Riesling in Oregon
Riesling, an off-and-on success in Oregon, has started to shine brighter in recent vintages. Of the 40 Oregon Rieslings to receive scores of 90 points or higher (Outstanding on the Wine Spectator 100-point scale), 26 have come since the 2010 vintage.
What's causing this? Partly, it's the emergence of wineries concentrating on the varietal, most notably Trisaetum (first vintage 2007). James Frey's operation makes eight different Rieslings, sorted by vineyard source and whether they're dry or off-dry, and no Chardonnay or Pinot Gris, Oregon's signature white wines.
Most Oregon Rieslings tend to correspond to typical kabinett or spätlese wines from Germany, and Trisaetum's dry style follows the contours you might expect from a Mosel or Nahe. Harry Peterson-Nedry at Chehalem produces consistently fine Rieslings that lean more to a dry Alsace model, though usually with more forward fruit. Chehalem also vineyard-designates Rieslings.
To learn about these wines, Frey and Peterson-Nedry put together a three-by-three tasting that also included Brooks Vineyard, another Riesling advocate. Each contributed a barrel of pressed juice from the vineyards next to their wineries—Trisaetum on sedimentary soils in Ribbon Ridge, Brooks on volcanic soils in Eola-Amity Hills and Chehalem on loess soils at Corral Creek in Chehalem Mountains. Each fermented the juice dry. We tasted the wines in Trisaetum's conference room, complemented by takeout sushi.
"You'd be hard pressed to take any two and say, same wine," Peterson-Nedry said after we tasted them all. "That's what Riesling is so good at."
Indeed, the three wines made from Brooks' grapes showed a distinct toasted walnut aromatic, although they had very different textures and structures. Brooks' own wine had a raw edge while the Chehalem version was prettier, more fresh and sleek, and Trisaetum's softer, with impressive length.
A lime note emerged on the Corral Creek wines, the Brooks showing more elegance and pear, Chehalem's tangy acidity with a distinct glint of star fruit, Trisaetum's less obvious, lighter.

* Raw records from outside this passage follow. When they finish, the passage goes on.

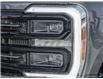 2025 Ford F-350 Platinum (Stk: SK-173) in Okotoks - Image 9 of 24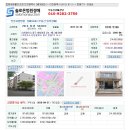 축항대로4 이미지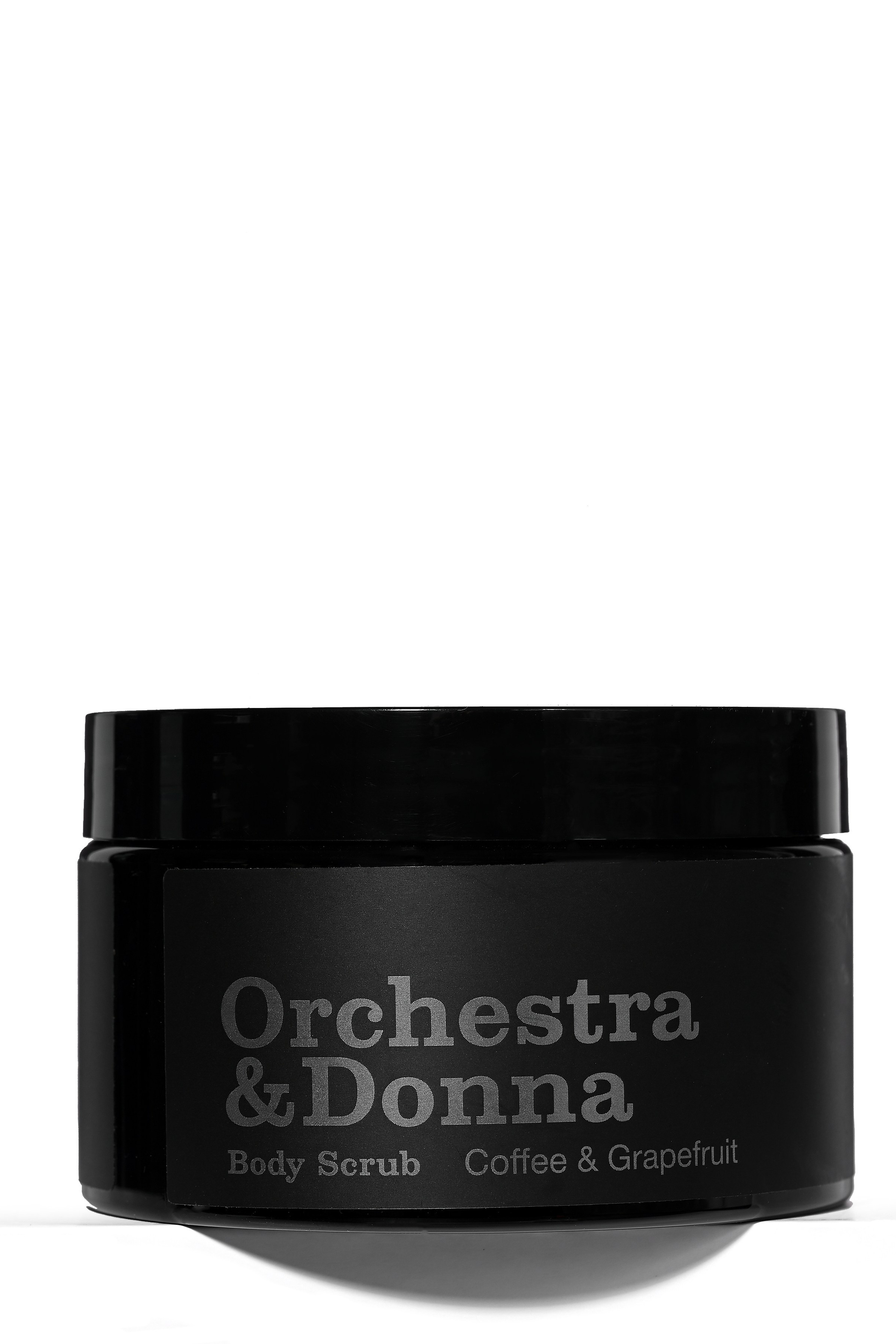 Уходовая и декоративная косметика. Предметный контент — фотограф в Саратове Юлия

A fresh-cut pear character ran through the three Ribbon Ridge wines, with Brooks' very dry and mouth-tightening but hinting at apricot, Chehalem's fresh and open with a floral note, and Trisaetum's balancing the elements most perfectly.
"The important thing is there's a serious community working on Riesling," said Peterson-Nedry, a veteran of nearly 30 vintages. Among other outstanding Rieslings in recent vintages are those from Alexana, Argyle, Hyland, Big Table Farm, Harper Voit and Elk Cove.
"It hasn't always been that way. It used to be a cash-flow wine, but it's becoming something worth aging and keeping."
Frey noted that he budded over Pinot Gris to Riesling in his Wichmann vineyard in Dundee Hills. "That should be a metaphor for Oregon. Let's lop off the Pinot Gris, and graft on Riesling," Peterson-Nedry laughed. "We still grow the same amount of Gris as we did 14 years ago, but Riesling …," he made a gesture like a plane taking off.